Die Schuldigkeit des ersten Gebots is a “sacred singspiel” in three parts on a text by Ignaz Anton Weiser; the three parts were composed by three different composers and performed in Salzburg on three successive Thursdays in Lent 1767 (12, 19, and 26 Mar). The first part was composed by Mozart (K. 35), who was eleven at the time of the performance (not ten, as stated in the report); the second part was by Michael Haydn, and the third by Anton Cajetan Adlgasser (Haydn and Adlgasser's contributions are now lost). The performance of the first part on 12 Mar 1767 is documented in the Protokoll of the university secondary school (Gymnasium) in Salzburg, and in the diary of Father Beda Hübner, librarian and secretary to his uncle Beda Seeauer, the abbot of St. Peter’s monastery; both of these documents and the title page of the libretto give Mozart’s age incorrectly as ten. Mozart was awarded a gold medallion worth 12 ducats for his contribution (Dokumente, 68–69). The report transcribed here, with its moving depiction of young Mozart directing the performance, appeared in the Augspurgische Ordinari Postzeitung on 30 Mar 1767.

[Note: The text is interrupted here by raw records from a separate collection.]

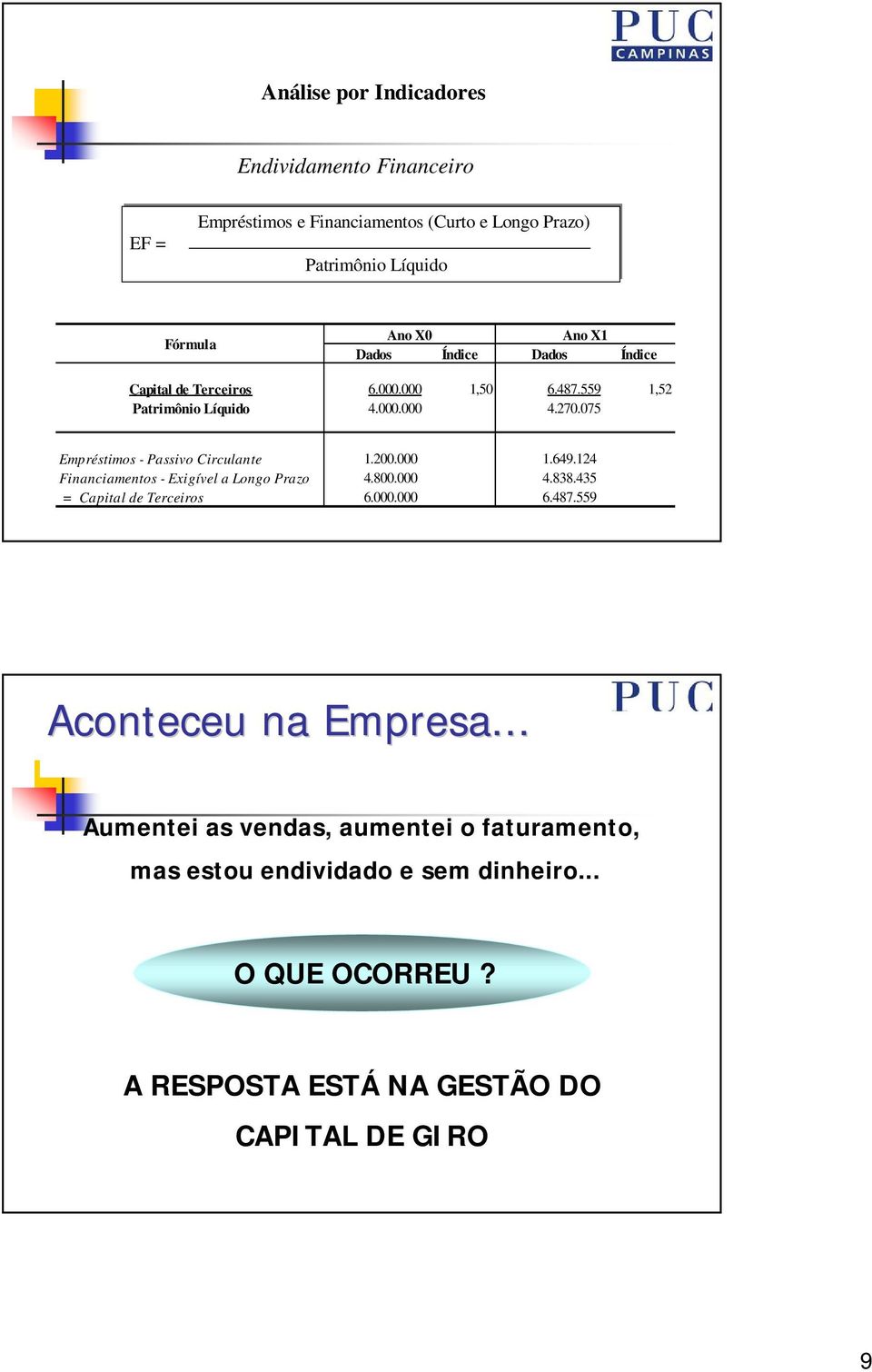 200.000 1.649.124 Financiamentos - Exigível a Longo Prazo 4.800.000 4.838.435 = Capital de Terceiros 6.000.000 6.487.559 Aconteceu na Empresa.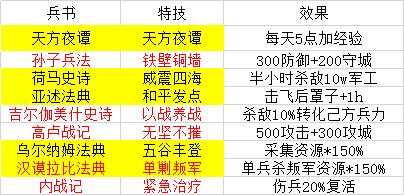 兵书太多不会选？论好用，我只服这些！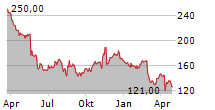 NICE LTD ADR Chart 1 Jahr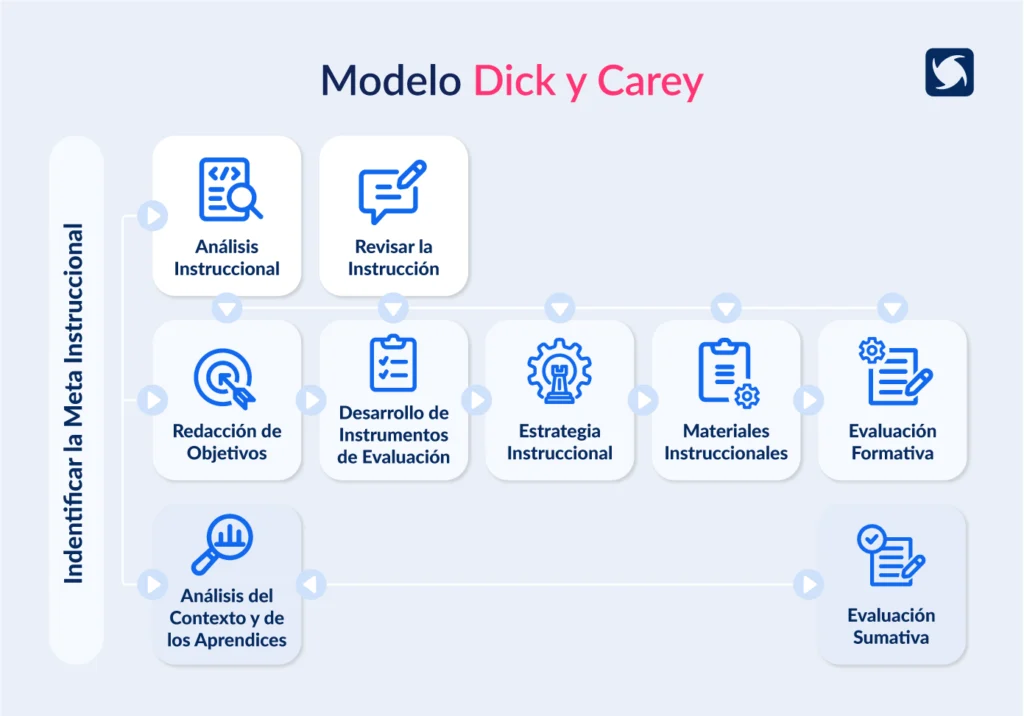 Modelo Dick y Carey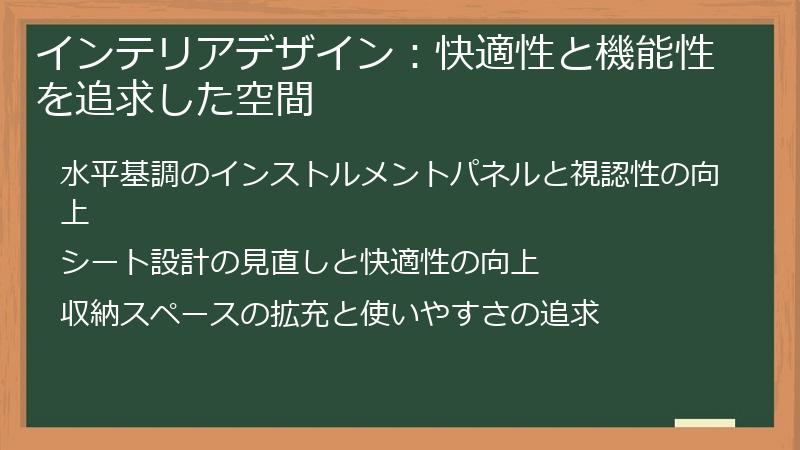 インテリアデザイン：快適性と機能性を追求した空間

The Lenten market (Fastenmarkt) was an annual institution in Salzburg. As Franz Xaver Weilmeyr described it in his guide to Salzburg published in 1813:
Salzburg zählt zwey große Jahrmärkte
(Messen oder hier Dulden genannt). Der
Fastenmarkt, der am Fasching Sonntage be=
ginnt, und der Herbstmarkt, der am Mat=
thäus=Tage anfängt, dauern beyde vierzehn
Tage, und werden auf dem Residenz=,
Markt= und Universitäts=Plätze gehalten.
Sie sind beyde sehr bedeutend, und werden
von Kaufleuten des Innlandes, aus Oester=
reich, Italien, der Schweitz und den übri=
gen Bundesstaaten besucht.
[Weilmeyr 1813, 236]
Salzburg has two large annual markets
(“Messen,” or “Dulden” as they are called
here): the Lenten market, which begins on
Carnival Sunday, and the Autumn market,
which begins on St. Matthew’s Day. Both
last fourteen days, and are held on the
Residenzmarkt and Universitätsplatz.
Both are very important, and are
attended by merchants from the region,
from Austria, Italy, Switzerland, and the
other federated states.
“Faschingssonntag” (“Carnival Sunday”), still so-called today, is the last Sunday of Carnival, the Sunday before Ash Wednesday. In 1767 Ash Wednesday fell on 4 Mar and Faschingssonntag on 1 Mar (St. Matthew’s Day, the beginning of the Autumn market, is 21 Sep.) Thus the performance directed by Mozart took place near the end of the Lenten market, and it is likely that most of the visitors from out of town would have heard only Mozart’s portion of Die Schuldigkeit des ersten Gebots, not the portions performed on 19 and 26 Mar.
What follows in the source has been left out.